Nous avons toutefois poursuivi par une expérience intéressante : pour une des 15 demandes où IPRally ne parvenait pas à retrouver un des documents X lui étant associé, nous avons modifié le graphe de connaissance produit à partir de la revendication indépendante. L’impact de l’opération fut convaincant : un document X classé 92e lors de la première recherche dans la liste de réponses s’est retrouvé en 37e position ; et un second document X ne figurant pas parmi les 250 premières réponses de la liste s’est retrouvé en 167e position.
L’enseignement à en tirer est clair : l’apprentissage de la manipulation des graphes de connaissance peut significativement améliorer les résultats.

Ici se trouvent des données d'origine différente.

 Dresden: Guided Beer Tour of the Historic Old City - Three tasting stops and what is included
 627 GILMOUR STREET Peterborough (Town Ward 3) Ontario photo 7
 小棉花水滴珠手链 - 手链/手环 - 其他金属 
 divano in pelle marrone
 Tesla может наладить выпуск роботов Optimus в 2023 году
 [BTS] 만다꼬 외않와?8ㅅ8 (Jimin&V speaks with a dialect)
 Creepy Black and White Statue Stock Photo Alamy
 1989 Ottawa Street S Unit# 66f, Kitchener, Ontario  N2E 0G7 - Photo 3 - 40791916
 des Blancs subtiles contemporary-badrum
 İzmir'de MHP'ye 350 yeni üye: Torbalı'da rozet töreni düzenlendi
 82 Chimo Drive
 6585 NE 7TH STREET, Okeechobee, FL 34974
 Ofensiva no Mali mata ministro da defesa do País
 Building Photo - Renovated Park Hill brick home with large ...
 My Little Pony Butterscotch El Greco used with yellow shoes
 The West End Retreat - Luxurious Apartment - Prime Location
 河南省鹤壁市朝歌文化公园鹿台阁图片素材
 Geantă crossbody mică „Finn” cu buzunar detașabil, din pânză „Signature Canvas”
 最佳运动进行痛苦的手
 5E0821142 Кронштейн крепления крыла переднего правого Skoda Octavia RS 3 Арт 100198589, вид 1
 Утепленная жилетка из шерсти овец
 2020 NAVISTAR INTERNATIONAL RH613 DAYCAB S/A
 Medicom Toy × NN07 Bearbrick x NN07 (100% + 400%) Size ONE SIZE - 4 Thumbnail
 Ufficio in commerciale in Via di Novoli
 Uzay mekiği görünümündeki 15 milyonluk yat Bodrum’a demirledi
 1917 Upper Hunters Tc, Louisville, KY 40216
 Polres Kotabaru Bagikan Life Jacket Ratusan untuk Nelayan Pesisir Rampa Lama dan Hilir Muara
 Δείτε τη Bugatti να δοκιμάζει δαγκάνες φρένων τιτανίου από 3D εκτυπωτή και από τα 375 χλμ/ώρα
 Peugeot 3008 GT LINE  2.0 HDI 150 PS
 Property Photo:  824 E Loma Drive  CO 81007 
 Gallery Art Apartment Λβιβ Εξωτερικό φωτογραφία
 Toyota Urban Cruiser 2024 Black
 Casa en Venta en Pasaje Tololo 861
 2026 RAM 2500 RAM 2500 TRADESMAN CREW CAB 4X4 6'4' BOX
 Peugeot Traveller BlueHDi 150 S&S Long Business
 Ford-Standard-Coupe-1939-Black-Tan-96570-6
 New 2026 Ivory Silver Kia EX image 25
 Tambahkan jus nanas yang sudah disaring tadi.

Ce qui veut aussi dire qu’IPRally n’est pas uniquement réservé au débutant qui veut simplement copier/coller un texte dans un masque de recherche sans aller plus loin.
Point important : il n’a pas été vérifié si parmi les 50 réponses proposées par IPRally, certaines non repérées par l’examinateur méritaient un code X. Une telle vérification aurait peut-être permis d’améliorer la performance constatée.
IA et recherche brevet : quel futur ?
Ces techniques vont-elles donc rendre obsolète la recherche traditionnelle ?
Les tests rapportés ici ne permettent pas d’annoncer une telle révolution, tout au moins sur le court terme. Ces produits se positionnent actuellement plus comme des compléments que comme des substituts aux techniques classiques.
Attention, on aurait tort de tirer argument de résultats parfois mitigés pour condamner ces produits.
En premier lieu, car ces techniques sont jeunes, et ont encore une marge de progression importante.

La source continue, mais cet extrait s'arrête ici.